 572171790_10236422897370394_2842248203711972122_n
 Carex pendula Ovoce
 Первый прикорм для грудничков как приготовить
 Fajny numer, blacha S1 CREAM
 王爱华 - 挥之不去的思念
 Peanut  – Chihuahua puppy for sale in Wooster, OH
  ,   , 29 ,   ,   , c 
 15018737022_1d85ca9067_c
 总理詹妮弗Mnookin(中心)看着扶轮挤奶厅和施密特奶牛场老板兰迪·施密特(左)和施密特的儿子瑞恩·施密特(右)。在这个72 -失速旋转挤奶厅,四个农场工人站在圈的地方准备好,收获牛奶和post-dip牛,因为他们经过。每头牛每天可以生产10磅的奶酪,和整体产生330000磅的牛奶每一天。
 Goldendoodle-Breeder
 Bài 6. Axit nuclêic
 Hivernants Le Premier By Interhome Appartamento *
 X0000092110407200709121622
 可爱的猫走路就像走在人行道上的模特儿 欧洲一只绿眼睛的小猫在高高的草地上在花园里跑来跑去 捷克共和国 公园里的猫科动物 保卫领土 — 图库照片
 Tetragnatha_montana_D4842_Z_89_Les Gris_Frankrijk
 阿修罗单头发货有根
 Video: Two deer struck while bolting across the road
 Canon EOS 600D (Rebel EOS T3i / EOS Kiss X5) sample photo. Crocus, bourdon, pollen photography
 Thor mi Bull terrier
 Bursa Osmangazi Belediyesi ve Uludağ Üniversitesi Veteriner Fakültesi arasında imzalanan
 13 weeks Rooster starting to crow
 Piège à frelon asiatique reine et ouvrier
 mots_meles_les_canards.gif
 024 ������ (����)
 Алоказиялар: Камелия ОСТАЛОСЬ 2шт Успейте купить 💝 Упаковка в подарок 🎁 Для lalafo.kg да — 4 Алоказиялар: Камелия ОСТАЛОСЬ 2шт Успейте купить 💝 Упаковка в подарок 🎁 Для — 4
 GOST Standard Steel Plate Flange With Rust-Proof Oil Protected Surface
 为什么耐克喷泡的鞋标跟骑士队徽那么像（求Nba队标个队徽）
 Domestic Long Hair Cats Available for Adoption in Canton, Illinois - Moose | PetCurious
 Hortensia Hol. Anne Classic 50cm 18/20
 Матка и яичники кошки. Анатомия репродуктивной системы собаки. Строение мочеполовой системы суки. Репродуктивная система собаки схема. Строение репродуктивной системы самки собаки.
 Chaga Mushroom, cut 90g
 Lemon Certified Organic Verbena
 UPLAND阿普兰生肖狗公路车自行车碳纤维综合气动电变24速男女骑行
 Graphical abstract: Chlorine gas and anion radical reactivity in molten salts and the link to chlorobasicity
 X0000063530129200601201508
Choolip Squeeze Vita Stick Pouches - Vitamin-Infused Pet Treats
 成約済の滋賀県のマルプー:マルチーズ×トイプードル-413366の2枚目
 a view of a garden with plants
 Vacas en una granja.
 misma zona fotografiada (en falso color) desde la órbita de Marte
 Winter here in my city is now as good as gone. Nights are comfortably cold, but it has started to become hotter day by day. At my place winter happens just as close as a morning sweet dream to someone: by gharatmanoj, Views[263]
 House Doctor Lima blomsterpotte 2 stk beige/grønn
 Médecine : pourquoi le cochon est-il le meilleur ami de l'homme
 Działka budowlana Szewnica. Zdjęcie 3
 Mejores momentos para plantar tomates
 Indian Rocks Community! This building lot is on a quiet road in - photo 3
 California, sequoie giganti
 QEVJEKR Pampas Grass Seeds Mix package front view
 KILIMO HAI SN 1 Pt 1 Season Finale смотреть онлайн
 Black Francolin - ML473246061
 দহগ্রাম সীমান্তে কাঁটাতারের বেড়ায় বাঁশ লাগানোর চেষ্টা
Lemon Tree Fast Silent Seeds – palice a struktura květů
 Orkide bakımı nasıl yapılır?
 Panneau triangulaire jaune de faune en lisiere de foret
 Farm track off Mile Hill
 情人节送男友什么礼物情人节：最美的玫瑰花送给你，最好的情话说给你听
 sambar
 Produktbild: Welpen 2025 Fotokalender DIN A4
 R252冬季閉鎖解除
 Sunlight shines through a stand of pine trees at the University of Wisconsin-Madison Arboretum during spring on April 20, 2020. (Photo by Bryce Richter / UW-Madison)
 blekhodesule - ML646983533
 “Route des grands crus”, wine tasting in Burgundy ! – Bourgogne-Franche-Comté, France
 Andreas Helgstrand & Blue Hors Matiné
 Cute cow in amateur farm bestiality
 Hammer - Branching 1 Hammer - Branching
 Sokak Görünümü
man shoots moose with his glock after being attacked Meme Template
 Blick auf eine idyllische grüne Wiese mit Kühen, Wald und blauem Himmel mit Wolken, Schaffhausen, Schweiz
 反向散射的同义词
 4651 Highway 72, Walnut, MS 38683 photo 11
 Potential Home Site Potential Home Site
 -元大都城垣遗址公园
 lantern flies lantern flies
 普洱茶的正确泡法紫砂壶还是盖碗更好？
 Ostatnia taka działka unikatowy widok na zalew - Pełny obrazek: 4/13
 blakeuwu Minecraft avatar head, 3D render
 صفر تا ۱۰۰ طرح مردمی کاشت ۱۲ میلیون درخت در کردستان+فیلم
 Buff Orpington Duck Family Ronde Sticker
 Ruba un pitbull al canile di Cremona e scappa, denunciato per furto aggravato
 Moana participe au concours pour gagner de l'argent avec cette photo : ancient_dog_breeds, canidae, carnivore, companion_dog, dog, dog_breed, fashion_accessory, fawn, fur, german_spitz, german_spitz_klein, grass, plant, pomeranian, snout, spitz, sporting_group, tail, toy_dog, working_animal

- - - - -

### [Work order]
Each line above should be duplicated without any alteration.

### [Response to the exercise]
 572171790_10236422897370394_2842248203711972122_n
 Carex pendula Ovoce
 Первый прикорм для грудничков как приготовить
 Fajny numer, blacha S1 CREAM
 王爱华 - 挥之不去的思念
 Peanut  – Chihuahua puppy for sale in Wooster, OH
  ,   , 29 ,   ,   , c 
 15018737022_1d85ca9067_c
 总理詹妮弗Mnookin(中心)看着扶轮挤奶厅和施密特奶牛场老板兰迪·施密特(左)和施密特的儿子瑞恩·施密特(右)。在这个72 -失速旋转挤奶厅,四个农场工人站在圈的地方准备好,收获牛奶和post-dip牛,因为他们经过。每头牛每天可以生产10磅的奶酪,和整体产生330000磅的牛奶每一天。
 Goldendoodle-Breeder
 Bài 6. Axit nuclêic
 Hivernants Le Premier By Interhome Appartamento *
 X0000092110407200709121622
 可爱的猫走路就像走在人行道上的模特儿 欧洲一只绿眼睛的小猫在高高的草地上在花园里跑来跑去 捷克共和国 公园里的猫科动物 保卫领土 — 图库照片
 Tetragnatha_montana_D4842_Z_89_Les Gris_Frankrijk
 阿修罗单头发货有根
 Video: Two deer struck while bolting across the road
 Canon EOS 600D (Rebel EOS T3i / EOS Kiss X5) sample photo. Crocus, bourdon, pollen photography
 Thor mi Bull terrier
 Bursa Osmangazi Belediyesi ve Uludağ Üniversitesi Veteriner Fakültesi arasında imzalanan
 13 weeks Rooster starting to crow
 Piège à frelon asiatique reine et ouvrier
 mots_meles_les_canards.gif
 024 ������ (����)
 Алоказиялар: Камелия ОСТАЛОСЬ 2шт Успейте купить 💝 Упаковка в подарок 🎁 Для lalafo.kg да — 4 Алоказиялар: Камелия ОСТАЛОСЬ 2шт Успейте купить 💝 Упаковка в подарок 🎁 Для — 4
 GOST Standard Steel Plate Flange With Rust-Proof Oil Protected Surface
 为什么耐克喷泡的鞋标跟骑士队徽那么像（求Nba队标个队徽）
 Domestic Long Hair Cats Available for Adoption in Canton, Illinois - Moose | PetCurious
 Hortensia Hol. Anne Classic 50cm 18/20
 Матка и яичники кошки. Анатомия репродуктивной системы собаки. Строение мочеполовой системы суки. Репродуктивная система собаки схема. Строение репродуктивной системы самки собаки.
 Chaga Mushroom, cut 90g
 Lemon Certified Organic Verbena
 UPLAND阿普兰生肖狗公路车自行车碳纤维综合气动电变24速男女骑行
 Graphical abstract: Chlorine gas and anion radical reactivity in molten salts and the link to chlorobasicity
 X0000063530129200601201508
Choolip Squeeze Vita Stick Pouches - Vitamin-Infused Pet Treats
 成約済の滋賀県のマルプー:マルチーズ×トイプードル-413366の2枚目
 a view of a garden with plants
 Vacas en una granja.
 misma zona fotografiada (en falso color) desde la órbita de Marte
 Winter here in my city is now as good as gone. Nights are comfortably cold, but it has started to become hotter day by day. At my place winter happens just as close as a morning sweet dream to someone: by gharatmanoj, Views[263]
 House Doctor Lima blomsterpotte 2 stk beige/grønn
 Médecine : pourquoi le cochon est-il le meilleur ami de l'homme
 Działka budowlana Szewnica. Zdjęcie 3
 Mejores momentos para plantar tomates
 Indian Rocks Community! This building lot is on a quiet road in - photo 3
 California, sequoie giganti
 QEVJEKR Pampas Grass Seeds Mix package front view
 KILIMO HAI SN 1 Pt 1 Season Finale смотреть онлайн
 Black Francolin - ML473246061
 দহগ্রাম সীমান্তে কাঁটাতারের বেড়ায় বাঁশ লাগানোর চেষ্টা
Lemon Tree Fast Silent Seeds – palice a struktura květů
 Orkide bakımı nasıl yapılır?
 Panneau triangulaire jaune de faune en lisiere de foret
 Farm track off Mile Hill
 情人节送男友什么礼物情人节：最美的玫瑰花送给你，最好的情话说给你听
 sambar
 Produktbild: Welpen 2025 Fotokalender DIN A4
 R252冬季閉鎖解除
 Sunlight shines through a stand of pine trees at the University of Wisconsin-Madison Arboretum during spring on April 20, 2020. (Photo by Bryce Richter / UW-Madison)
 blekhodesule - ML646983533
 “Route des grands crus”, wine tasting in Burgundy ! – Bourgogne-Franche-Comté, France
 Andreas Helgstrand & Blue Hors Matiné
 Cute cow in amateur farm bestiality
 Hammer - Branching 1 Hammer - Branching
 Sokak Görünümü
man shoots moose with his glock after being attacked Meme Template
 Blick auf eine idyllische grüne Wiese mit Kühen, Wald und blauem Himmel mit Wolken, Schaffhausen, Schweiz
 反向散射的同义词
 4651 Highway 72, Walnut, MS 38683 photo 11
 Potential Home Site Potential Home Site
 -元大都城垣遗址公园
 lantern flies lantern flies
 普洱茶的正确泡法紫砂壶还是盖碗更好？
 Ostatnia taka działka unikatowy widok na zalew - Pełny obrazek: 4/13
 blakeuwu Minecraft avatar head, 3D render
 صفر تا ۱۰۰ طرح مردمی کاشت ۱۲ میلیون درخت در کردستان+فیلم
 Buff Orpington Duck Family Ronde Sticker
 Ruba un pitbull al canile di Cremona e scappa, denunciato per furto aggravato
 Moana participe au concours pour gagner de l'argent avec cette photo : ancient_dog_breeds, canidae, carnivore, companion_dog, dog, dog_breed, fashion_accessory, fawn, fur, german_spitz, german_spitz_klein, grass, plant, pomeranian, snout, spitz, sporting_group, tail, toy_dog, working_animal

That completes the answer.